**Exercise instructions**
Leave out the pictures and output exactly the lines below from the one with "Please call us" down to the one with "This 2005 Lexus", both of them included.

══════════

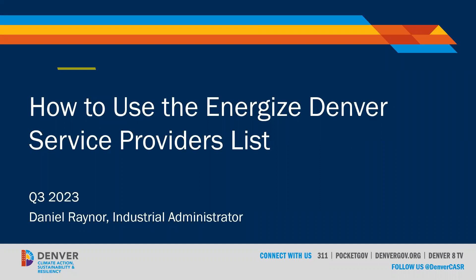Hello, this is Daniel Rayner, CASER's Industrial Administrator, and I'm here to provide you with a quick overview of how to use the Energize Denver Service Providers list.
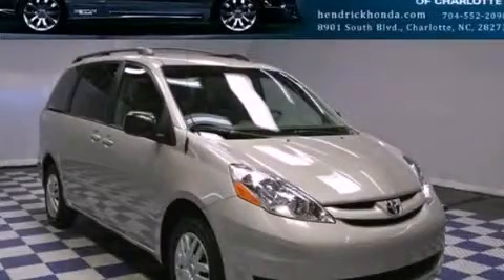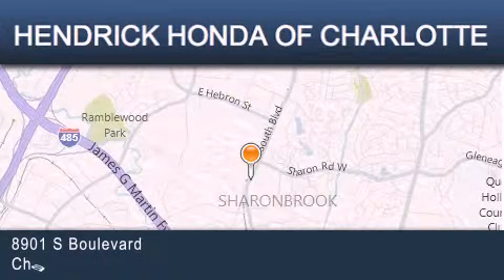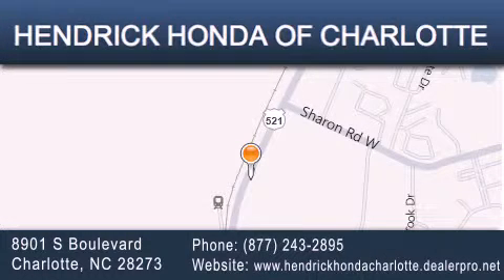Please call us today for more information on this great vehicle. Hendrick Honda Charlotte is located at 8901 South Boulevard in Charlotte. Our goal is to exceed all of your expectations to ensure that you'll return for future visits.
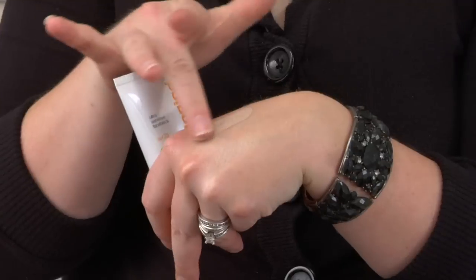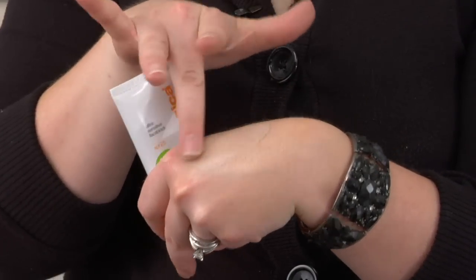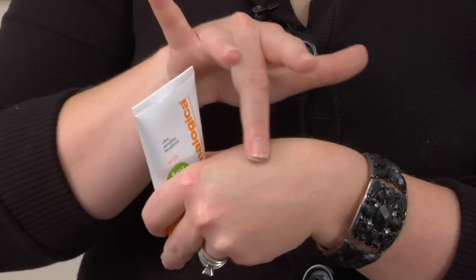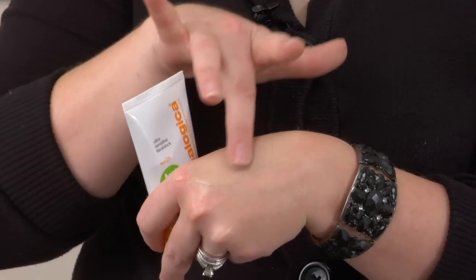Typically your sunscreens come in a lotion form, which looks something like this, and you rub them in. You can get your sunscreen in a lot of different ways — this is just a straight up sunscreen. You can get it infused into a moisturizer, and a lot of your makeups will have a sunscreen in them as well.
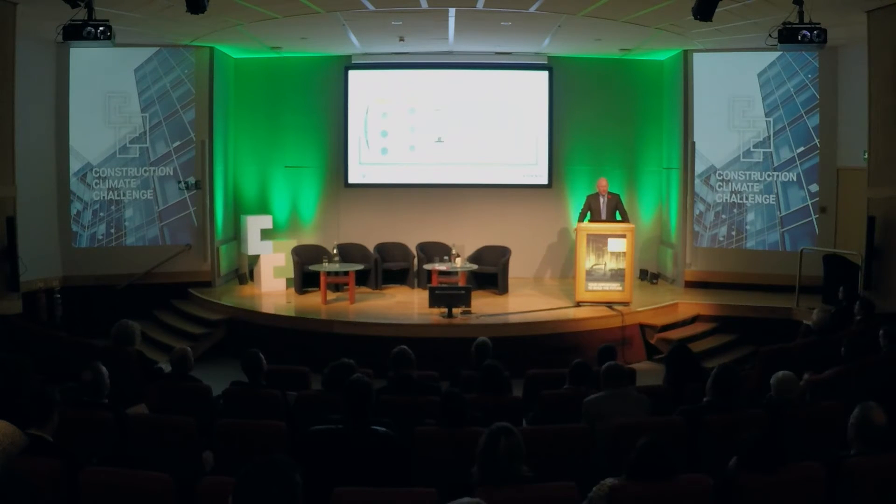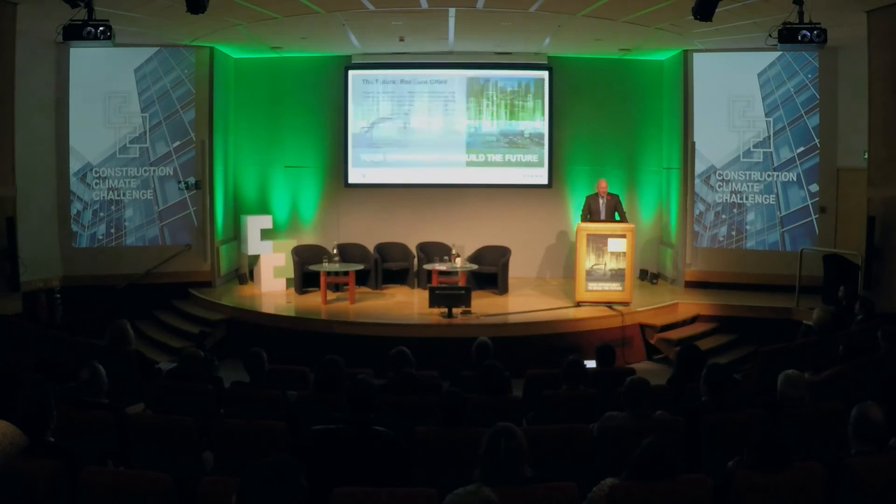Hopefully that demonstrates where the circular economy can work within the construction market. We've got sustainable inputs, processes, materials and products which help to create more resilient, greener cities. There was a recent study showing this has genuine benefits for the people who live in those cities — it reduces health demands in terms of the NHS, etc. So that's the presentation. Thank you for your time.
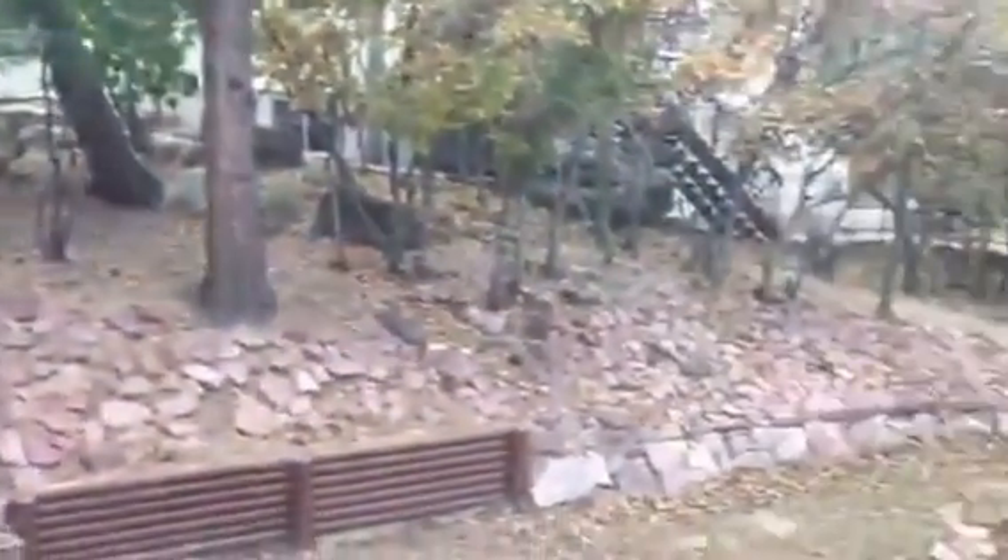Heading upstairs we've got three main bedrooms including the master. The master really gives you size — this nice window overlooks the backyard. We'll go out there in a minute, but you can see there's a nice patio with some custom stonework. Like I said, this yard is always full of wildlife. The master includes a shower, single vanity, and a really large walk-in closet.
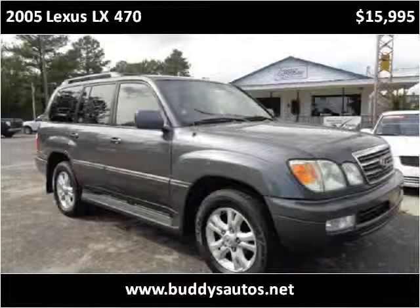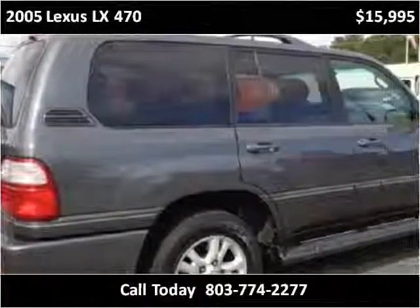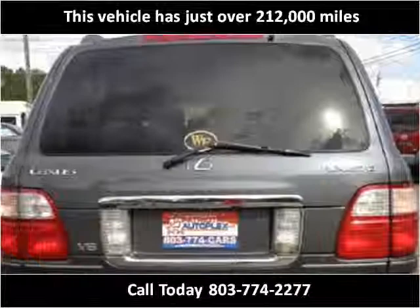This 2005 Lexus LX470 is available from Patriot Autoplex. This vehicle has just over 212,000 miles.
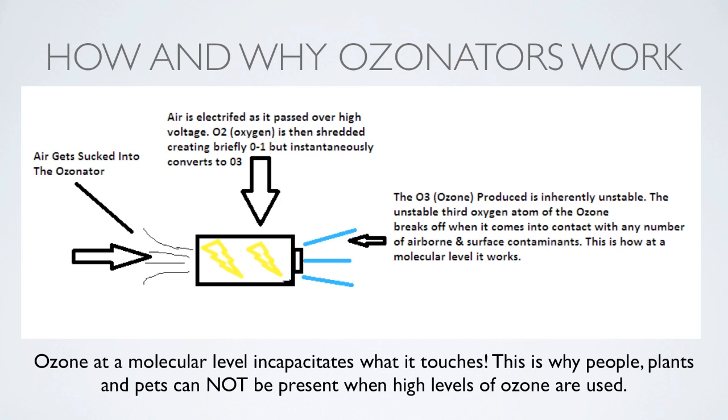Here's how and why ozonators work. Air gets sucked into the ozonator, goes into the chamber, and passes over a very high current electrical field — the air is electrified as it passes over that voltage. The O2, the oxygen, is then shredded creating briefly O1, but instantaneously it converts to O3, coupling with the nearest oxygen molecule upon exit. The O3, which is the ozone, is inherently unstable. The unstable third oxygen atom breaks off when it comes into contact with any number of airborne and surface contaminants — seeking balance is why that happens.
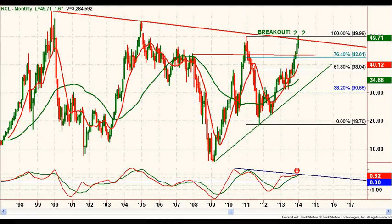The long-term perspective is now important in RCL, so we are first going to look at a monthly chart. This timeframe shows price up against not only an important early 2011 high at $49.99, but also a downtrend resistance line that runs down off of major trading highs in 1999 and 2005.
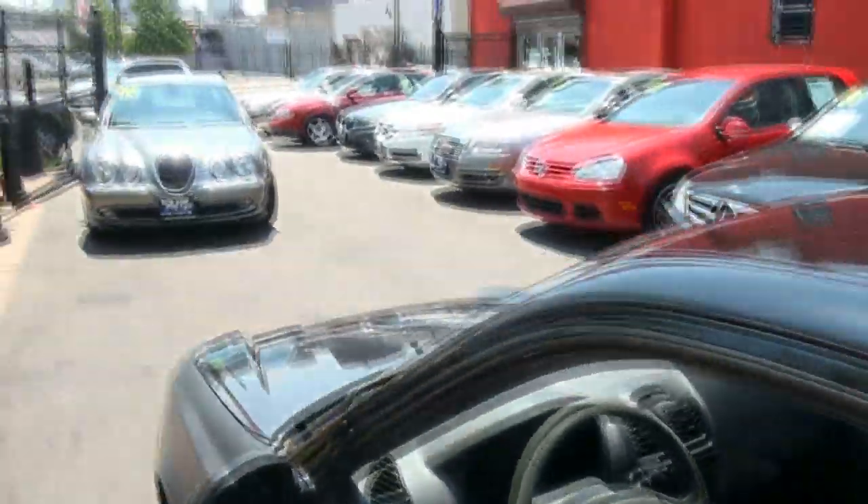If you need more information, please give us a call here at New Star Auto Group. We have all types of vehicles at all types of prices.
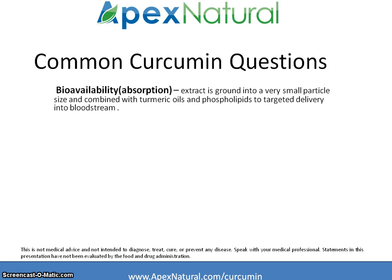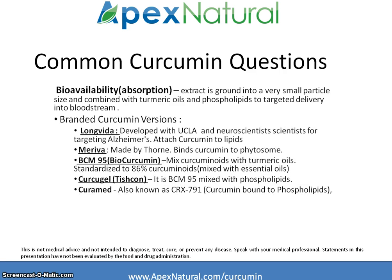Because of the discussion about bioavailability, there have been some trademarked and branded curcumin extract ingredients that have come onto the market in recent years. These are some of the more common ones you will see. Essentially, the curcumin extract is ground into very small particle sizes and combined with turmeric oils or phospholipids to increase delivery into the bloodstream, and has especially been studied for targeted applications in the body for specific medical ailments.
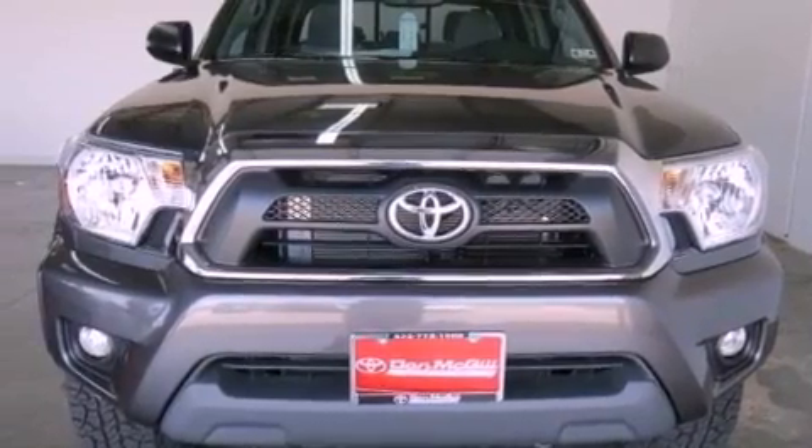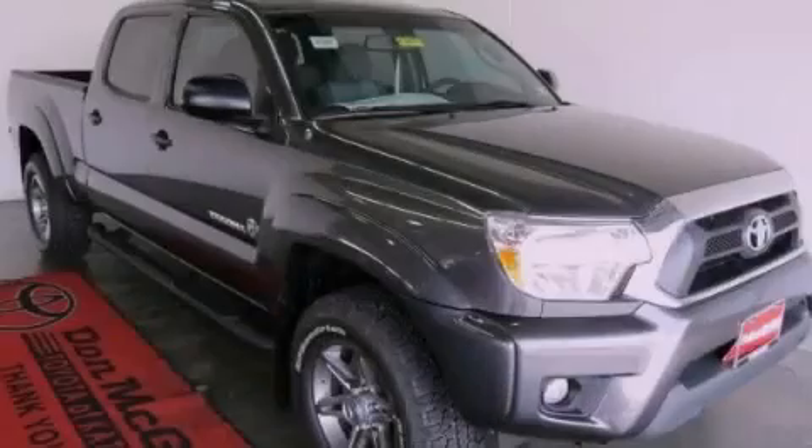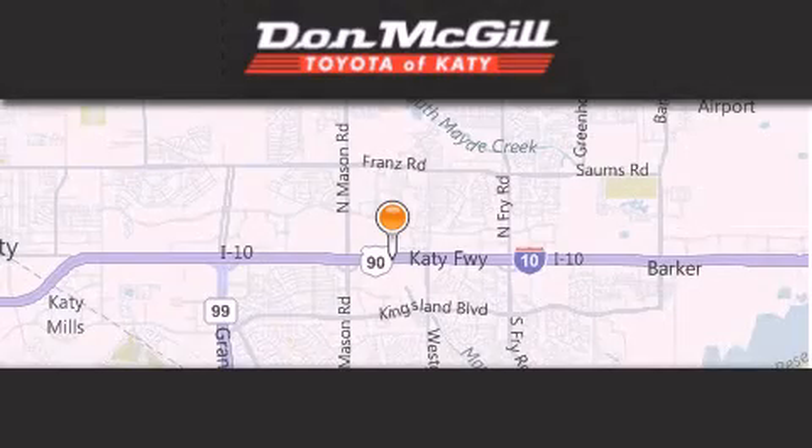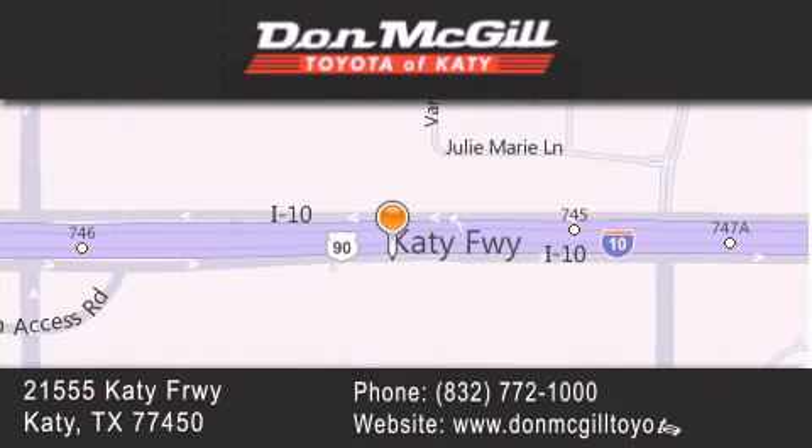Contact us today and schedule your opportunity to see this automobile in person. Don McGill Toyota of Katy is located at 2155 Katy Freeway in Katy. Our goal is to exceed all of your expectations to ensure that you'll return for future visits.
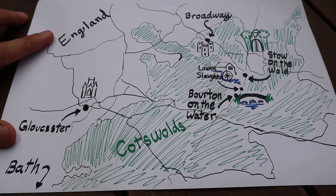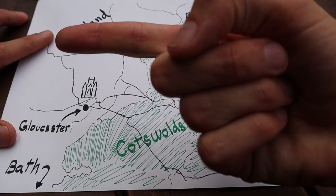We are camping. Next, we travel this way to Wales.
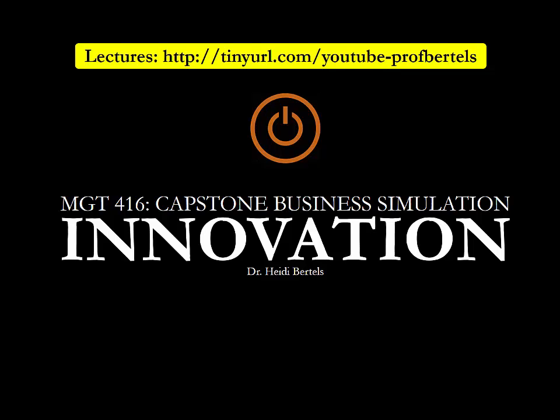Welcome to the first lecture in the Innovation Lecture Series. In this lecture, we will define innovation and look at innovation by analogies as an example of how to innovate.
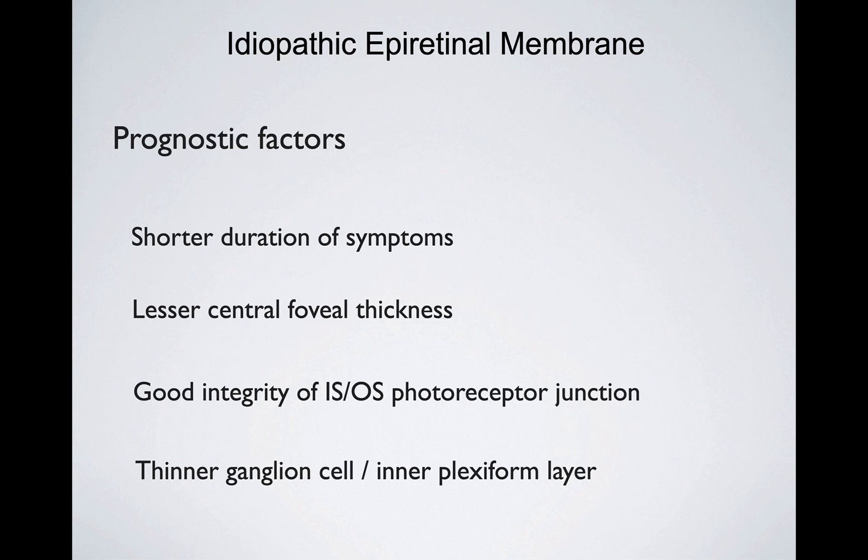One of the most challenging situations in retinal surgery is the moment to decide when to go ahead and indicate surgery for epiretinal membranes. If we do this too early, we may put the patient at risk and the benefit of the surgery will not be worthy. If the surgery is indicated too late, we may be delaying visual recovery.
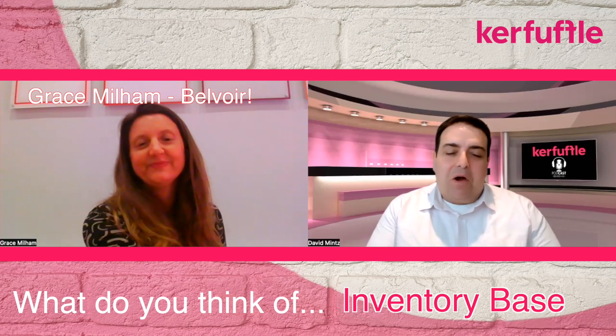Hey, welcome. I'm joined today by my guest, Grace Mellon. She's the Group Ops Director at Belvoir. Hello, Grace. How are you doing?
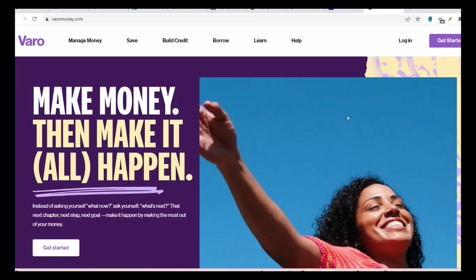You're tired of waiting for those slow bank transfers, right? You want your money now. You've heard about Zelle, the lightning-fast way to send and receive cash. But what about Vero? Does this digital bank play nice with Zelle? Let's dive in.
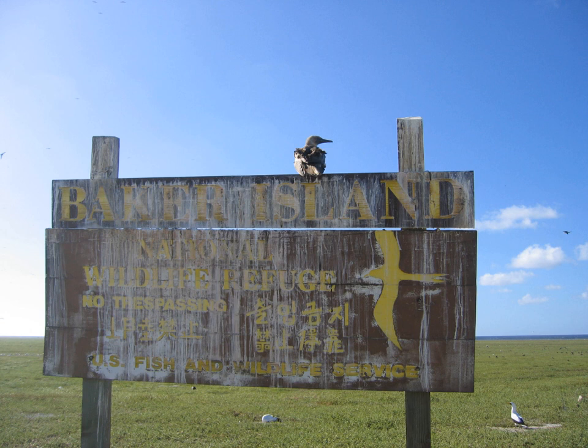Captain Baker claimed the island in 1855, then sold his interest to a group who later formed the American Guano Company. The United States took possession of the island in 1857, claiming it under the Guano Islands Act of 1856. Its guano deposits were mined by the American Guano Company from 1859 to 1878.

══════════

**Solution for this problem**
Please call us today for more information on this great vehicle. Hendrick Honda Charlotte is located at 8901 South Boulevard in Charlotte. Our goal is to exceed all of your expectations to ensure that you'll return for future visits.
Typically your sunscreens come in a lotion form, which looks something like this, and you rub them in. You can get your sunscreen in a lot of different ways — this is just a straight up sunscreen. You can get it infused into a moisturizer, and a lot of your makeups will have a sunscreen in them as well.
Hopefully that demonstrates where the circular economy can work within the construction market. We've got sustainable inputs, processes, materials and products which help to create more resilient, greener cities. There was a recent study showing this has genuine benefits for the people who live in those cities — it reduces health demands in terms of the NHS, etc. So that's the presentation. Thank you for your time.
Heading upstairs we've got three main bedrooms including the master. The master really gives you size — this nice window overlooks the backyard. We'll go out there in a minute, but you can see there's a nice patio with some custom stonework. Like I said, this yard is always full of wildlife. The master includes a shower, single vanity, and a really large walk-in closet.
This 2005 Lexus LX470 is available from Patriot Autoplex. This vehicle has just over 212,000 miles.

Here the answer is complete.